They’d begin with enthusiasm to put the Clients at their ease.

Yours is a great brand with an extraordinary heritage and unique ongoing characteristics.’

But confidence would turn to concern for the challenges that lie ahead.

‘You’re assaulted on all sides: by new market forces, new competitors, new consumer tastes and preferences. It’s difficult out there, and it could get a whole lot worse.’

The Clients would be a little unsettled, but the pitch would invite some hope: taking a broader view of the sector; observing the evolving cultural context in which the brand competes.

‘The market is on the move. There is change afoot. It may have begun with a few outliers, but it will soon be mainstream.’

Next would come the tricky bit. The best pitches would identify a means by which the Clients could take a leadership position, at the heart of sector reinvention; hitching the brand to culture; driving reappraisal, not falling victim to it.

‘With our idea we can position you at the forefront of social and industry transformation. And only our idea can take you there.’

The Clients would complete their rollercoaster journey with feelings of expectation and excitement.

I’m generalising somewhat. Of course every pitch is different. And I’m talking about an era when strategy was more concerned with positioning than precipitating specific behavioural change.
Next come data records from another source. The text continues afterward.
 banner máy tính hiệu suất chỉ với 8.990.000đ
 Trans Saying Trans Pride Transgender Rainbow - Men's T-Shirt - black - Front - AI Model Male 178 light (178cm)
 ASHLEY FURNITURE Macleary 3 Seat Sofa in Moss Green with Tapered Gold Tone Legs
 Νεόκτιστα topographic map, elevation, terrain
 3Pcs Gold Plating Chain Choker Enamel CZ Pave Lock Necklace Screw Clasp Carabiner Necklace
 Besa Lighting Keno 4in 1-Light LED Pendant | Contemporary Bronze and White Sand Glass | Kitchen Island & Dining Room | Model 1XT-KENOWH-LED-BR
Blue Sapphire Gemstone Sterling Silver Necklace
But I’d still maintain that most of the good presentations shared this simple pattern: enthusiasm for the brand; empathy with its challenges; vision of cultural and sector revolution; and all culminating in an idea that positions the brand in the vanguard of change.

It’s a simple pattern, but it’s one that often eludes us in the midst of big meeting pressures and deadlines. We frequently fail to impose structure and shape on our arguments. We forget to start with the Client and consumer perspective. We ignore the emotive power of light and shade. We neglect the need to build positive momentum in the second half. We say all the right things, but in the wrong order.  
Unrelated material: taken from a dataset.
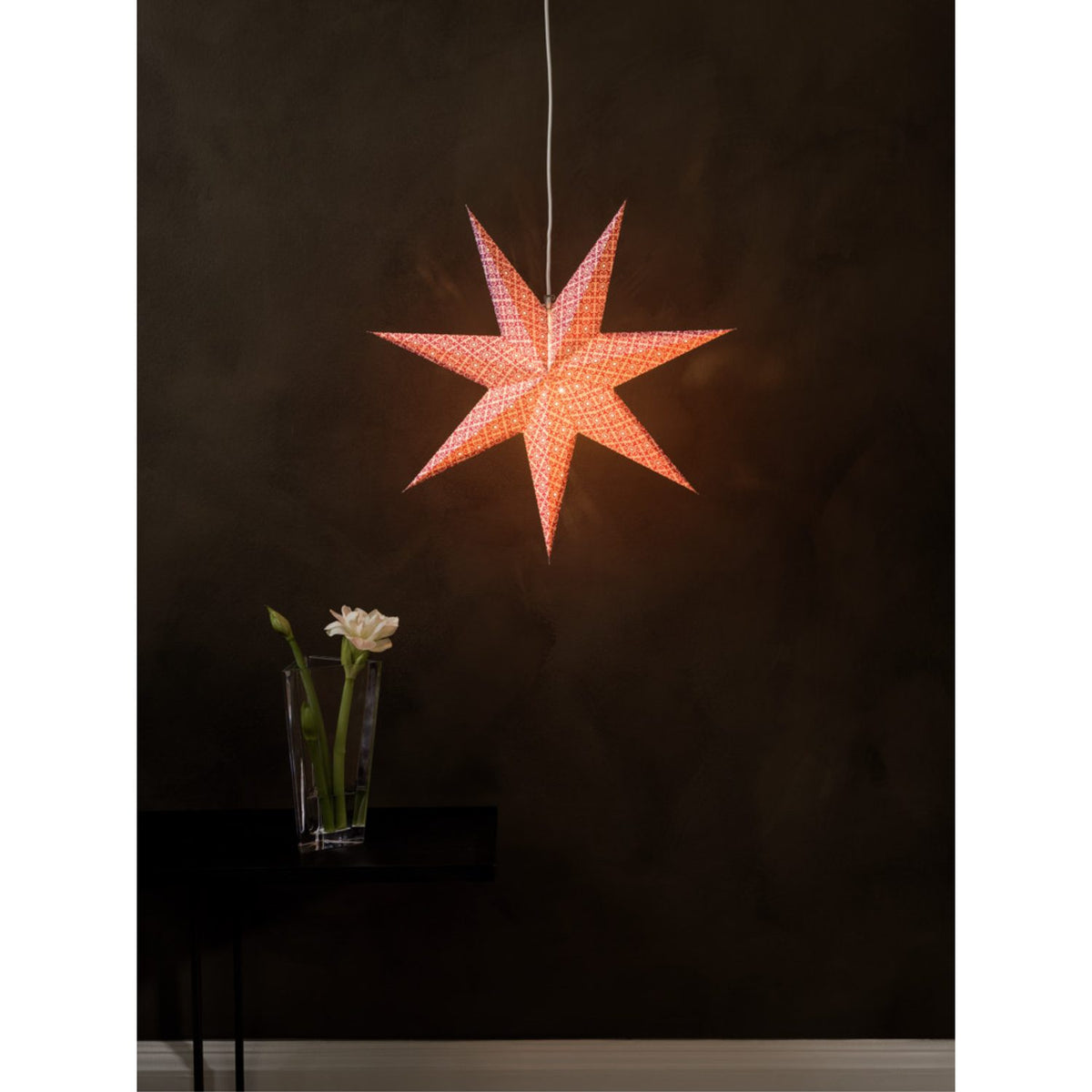 Hängande Papper Mönstrad Julstjärna Inne Lila, 60 cm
The lesson is simple. When you’re pitching, don’t just think about the right answer; think about the rhythm of persuasion.
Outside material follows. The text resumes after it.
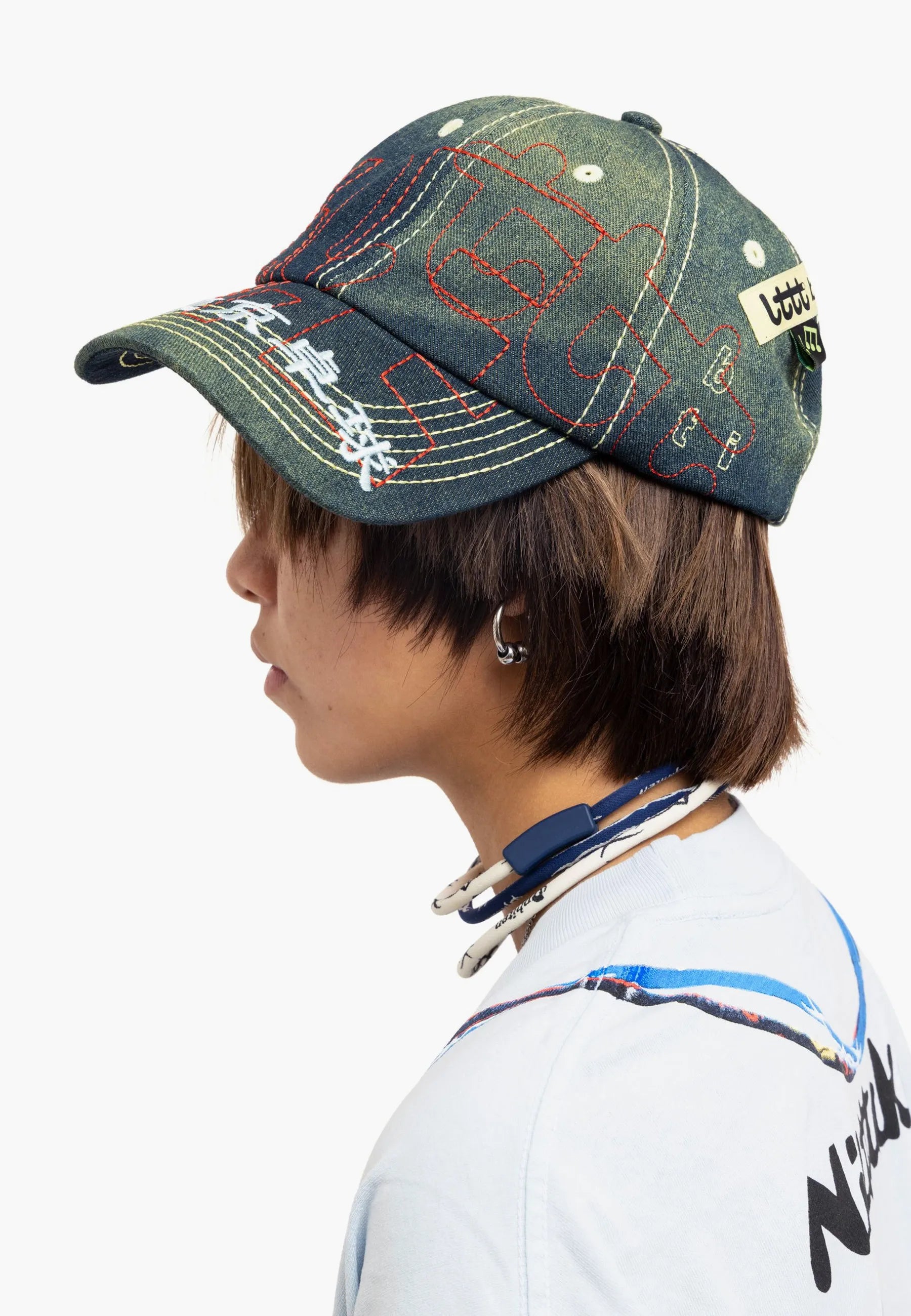 b.Eautiful x LTTT Vapor Hat - Fade Denim/Red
I had one last attempt at becoming a proper musician. Inspired by Neil Young’s plaintive performance of ‘Heart of Gold,’ I bought myself a Hohner mouth organ. I imagined that the harmonica might be a less challenging route to rock’n’roll credentials, and I’d seen that Hohner was the singer-songwriter’s brand of choice on ‘The Old Grey Whistle Test.’ Sadly the instruction manual was rather rudimentary and my dedication to the task was merely modest. I only managed to master the tonguing of ‘When the Saints Go Marching In.’

‘I want to live.
I want to give.
I've been a miner for a heart of gold.
It's these expressions
I never give
That keep me searching for a heart of gold.